(Records excerpted from a collection)
——
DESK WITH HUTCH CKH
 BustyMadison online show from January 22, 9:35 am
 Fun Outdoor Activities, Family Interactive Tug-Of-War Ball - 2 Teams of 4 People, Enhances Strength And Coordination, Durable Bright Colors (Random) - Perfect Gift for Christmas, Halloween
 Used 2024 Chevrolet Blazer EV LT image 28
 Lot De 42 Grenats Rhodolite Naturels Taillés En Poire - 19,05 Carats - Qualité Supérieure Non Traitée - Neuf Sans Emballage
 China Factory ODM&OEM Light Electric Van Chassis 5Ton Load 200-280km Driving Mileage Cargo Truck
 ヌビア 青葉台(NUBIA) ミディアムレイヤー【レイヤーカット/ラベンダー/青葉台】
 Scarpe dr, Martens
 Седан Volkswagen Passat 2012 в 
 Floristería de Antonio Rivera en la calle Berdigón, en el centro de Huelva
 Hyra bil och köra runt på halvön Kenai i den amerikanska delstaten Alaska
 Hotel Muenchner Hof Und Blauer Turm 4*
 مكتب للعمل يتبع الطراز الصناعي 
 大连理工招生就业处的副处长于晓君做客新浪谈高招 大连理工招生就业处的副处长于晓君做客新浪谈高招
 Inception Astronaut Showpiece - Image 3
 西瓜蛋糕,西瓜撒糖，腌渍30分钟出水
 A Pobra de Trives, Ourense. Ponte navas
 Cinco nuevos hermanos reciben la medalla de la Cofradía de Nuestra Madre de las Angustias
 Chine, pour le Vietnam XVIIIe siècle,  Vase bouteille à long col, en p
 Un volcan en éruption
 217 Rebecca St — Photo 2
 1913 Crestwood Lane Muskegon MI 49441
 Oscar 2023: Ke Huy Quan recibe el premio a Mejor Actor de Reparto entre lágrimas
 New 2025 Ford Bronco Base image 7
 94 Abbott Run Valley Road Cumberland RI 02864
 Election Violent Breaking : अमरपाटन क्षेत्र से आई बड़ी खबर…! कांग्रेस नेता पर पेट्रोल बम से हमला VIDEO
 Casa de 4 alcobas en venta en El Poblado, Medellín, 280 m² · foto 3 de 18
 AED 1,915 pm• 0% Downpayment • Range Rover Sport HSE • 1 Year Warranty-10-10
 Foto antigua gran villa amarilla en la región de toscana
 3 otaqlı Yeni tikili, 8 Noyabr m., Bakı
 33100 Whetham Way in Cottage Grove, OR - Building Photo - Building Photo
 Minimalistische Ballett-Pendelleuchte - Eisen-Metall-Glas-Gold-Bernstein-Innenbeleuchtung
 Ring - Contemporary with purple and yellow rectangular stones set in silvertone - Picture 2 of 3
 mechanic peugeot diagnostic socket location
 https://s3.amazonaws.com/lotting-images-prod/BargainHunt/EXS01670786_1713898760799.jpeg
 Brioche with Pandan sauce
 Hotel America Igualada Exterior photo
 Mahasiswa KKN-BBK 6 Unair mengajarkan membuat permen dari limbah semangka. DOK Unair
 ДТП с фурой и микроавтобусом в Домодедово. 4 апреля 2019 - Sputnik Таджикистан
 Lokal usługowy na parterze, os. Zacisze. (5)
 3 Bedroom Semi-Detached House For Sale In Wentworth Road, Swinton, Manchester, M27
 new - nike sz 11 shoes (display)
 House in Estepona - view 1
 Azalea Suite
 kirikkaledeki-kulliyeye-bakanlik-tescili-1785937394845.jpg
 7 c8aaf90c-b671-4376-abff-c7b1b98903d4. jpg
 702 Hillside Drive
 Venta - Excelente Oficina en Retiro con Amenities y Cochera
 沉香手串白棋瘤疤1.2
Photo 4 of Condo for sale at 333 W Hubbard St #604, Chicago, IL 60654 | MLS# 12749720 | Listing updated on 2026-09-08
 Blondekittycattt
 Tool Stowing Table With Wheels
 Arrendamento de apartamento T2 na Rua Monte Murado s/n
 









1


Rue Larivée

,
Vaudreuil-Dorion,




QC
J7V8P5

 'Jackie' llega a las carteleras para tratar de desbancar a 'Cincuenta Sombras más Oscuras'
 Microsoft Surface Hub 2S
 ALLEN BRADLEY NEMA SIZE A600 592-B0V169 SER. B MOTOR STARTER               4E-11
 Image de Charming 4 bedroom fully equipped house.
——
WORK REQUEST: From beginning to end, the data must be duplicated exactly.

EXERCISE SOLUTION:
DESK WITH HUTCH CKH
 BustyMadison online show from January 22, 9:35 am
 Fun Outdoor Activities, Family Interactive Tug-Of-War Ball - 2 Teams of 4 People, Enhances Strength And Coordination, Durable Bright Colors (Random) - Perfect Gift for Christmas, Halloween
 Used 2024 Chevrolet Blazer EV LT image 28
 Lot De 42 Grenats Rhodolite Naturels Taillés En Poire - 19,05 Carats - Qualité Supérieure Non Traitée - Neuf Sans Emballage
 China Factory ODM&OEM Light Electric Van Chassis 5Ton Load 200-280km Driving Mileage Cargo Truck
 ヌビア 青葉台(NUBIA) ミディアムレイヤー【レイヤーカット/ラベンダー/青葉台】
 Scarpe dr, Martens
 Седан Volkswagen Passat 2012 в 
 Floristería de Antonio Rivera en la calle Berdigón, en el centro de Huelva
 Hyra bil och köra runt på halvön Kenai i den amerikanska delstaten Alaska
 Hotel Muenchner Hof Und Blauer Turm 4*
 مكتب للعمل يتبع الطراز الصناعي 
 大连理工招生就业处的副处长于晓君做客新浪谈高招 大连理工招生就业处的副处长于晓君做客新浪谈高招
 Inception Astronaut Showpiece - Image 3
 西瓜蛋糕,西瓜撒糖，腌渍30分钟出水
 A Pobra de Trives, Ourense. Ponte navas
 Cinco nuevos hermanos reciben la medalla de la Cofradía de Nuestra Madre de las Angustias
 Chine, pour le Vietnam XVIIIe siècle,  Vase bouteille à long col, en p
 Un volcan en éruption
 217 Rebecca St — Photo 2
 1913 Crestwood Lane Muskegon MI 49441
 Oscar 2023: Ke Huy Quan recibe el premio a Mejor Actor de Reparto entre lágrimas
 New 2025 Ford Bronco Base image 7
 94 Abbott Run Valley Road Cumberland RI 02864
 Election Violent Breaking : अमरपाटन क्षेत्र से आई बड़ी खबर…! कांग्रेस नेता पर पेट्रोल बम से हमला VIDEO
 Casa de 4 alcobas en venta en El Poblado, Medellín, 280 m² · foto 3 de 18
 AED 1,915 pm• 0% Downpayment • Range Rover Sport HSE • 1 Year Warranty-10-10
 Foto antigua gran villa amarilla en la región de toscana
 3 otaqlı Yeni tikili, 8 Noyabr m., Bakı
 33100 Whetham Way in Cottage Grove, OR - Building Photo - Building Photo
 Minimalistische Ballett-Pendelleuchte - Eisen-Metall-Glas-Gold-Bernstein-Innenbeleuchtung
 Ring - Contemporary with purple and yellow rectangular stones set in silvertone - Picture 2 of 3
 mechanic peugeot diagnostic socket location
 https://s3.amazonaws.com/lotting-images-prod/BargainHunt/EXS01670786_1713898760799.jpeg
 Brioche with Pandan sauce
 Hotel America Igualada Exterior photo
 Mahasiswa KKN-BBK 6 Unair mengajarkan membuat permen dari limbah semangka. DOK Unair
 ДТП с фурой и микроавтобусом в Домодедово. 4 апреля 2019 - Sputnik Таджикистан
 Lokal usługowy na parterze, os. Zacisze. (5)
 3 Bedroom Semi-Detached House For Sale In Wentworth Road, Swinton, Manchester, M27
 new - nike sz 11 shoes (display)
 House in Estepona - view 1
 Azalea Suite
 kirikkaledeki-kulliyeye-bakanlik-tescili-1785937394845.jpg
 7 c8aaf90c-b671-4376-abff-c7b1b98903d4. jpg
 702 Hillside Drive
 Venta - Excelente Oficina en Retiro con Amenities y Cochera
 沉香手串白棋瘤疤1.2
Photo 4 of Condo for sale at 333 W Hubbard St #604, Chicago, IL 60654 | MLS# 12749720 | Listing updated on 2026-09-08
 Blondekittycattt
 Tool Stowing Table With Wheels
 Arrendamento de apartamento T2 na Rua Monte Murado s/n
 









1


Rue Larivée

,
Vaudreuil-Dorion,




QC
J7V8P5

 'Jackie' llega a las carteleras para tratar de desbancar a 'Cincuenta Sombras más Oscuras'
 Microsoft Surface Hub 2S
 ALLEN BRADLEY NEMA SIZE A600 592-B0V169 SER. B MOTOR STARTER               4E-11
 Image de Charming 4 bedroom fully equipped house.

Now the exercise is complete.